#### What you have to do
Your answer must restate the listing below word for word and contain no images.

#### Dataset excerpt
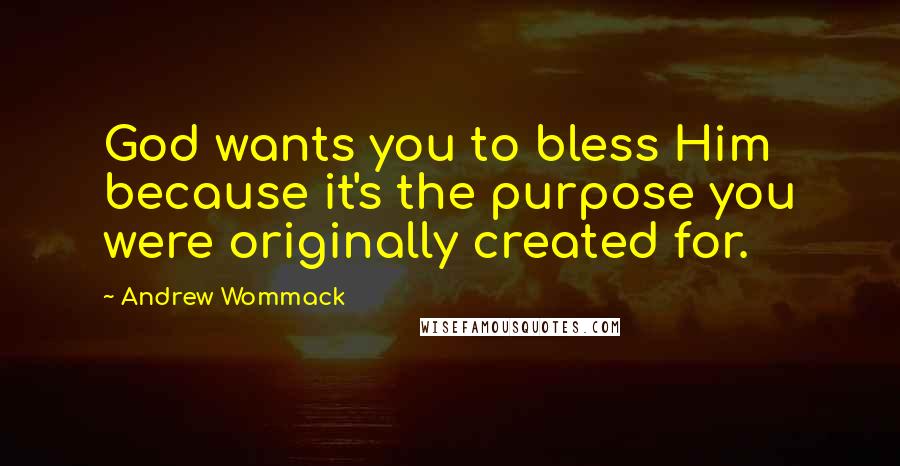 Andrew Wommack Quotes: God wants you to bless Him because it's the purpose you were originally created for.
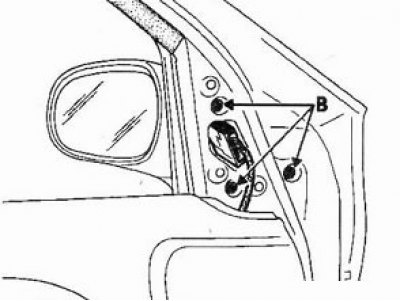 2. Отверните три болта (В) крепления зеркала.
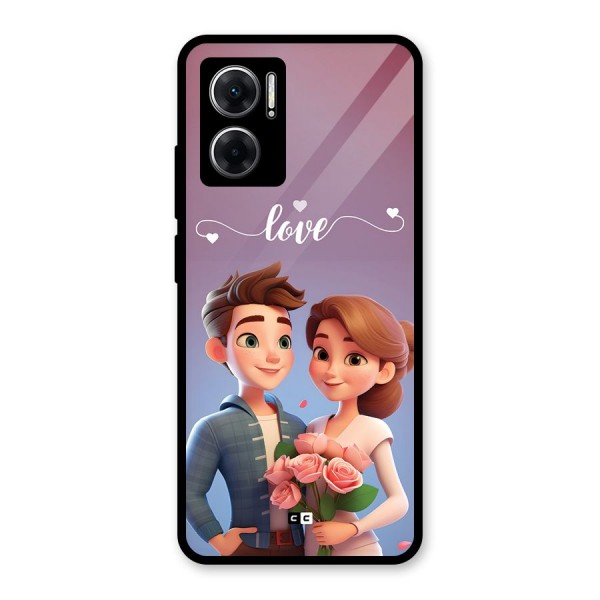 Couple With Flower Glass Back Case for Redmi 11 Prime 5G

#### Written response
 Andrew Wommack Quotes: God wants you to bless Him because it's the purpose you were originally created for.
 2. Отверните три болта (В) крепления зеркала.
 Couple With Flower Glass Back Case for Redmi 11 Prime 5G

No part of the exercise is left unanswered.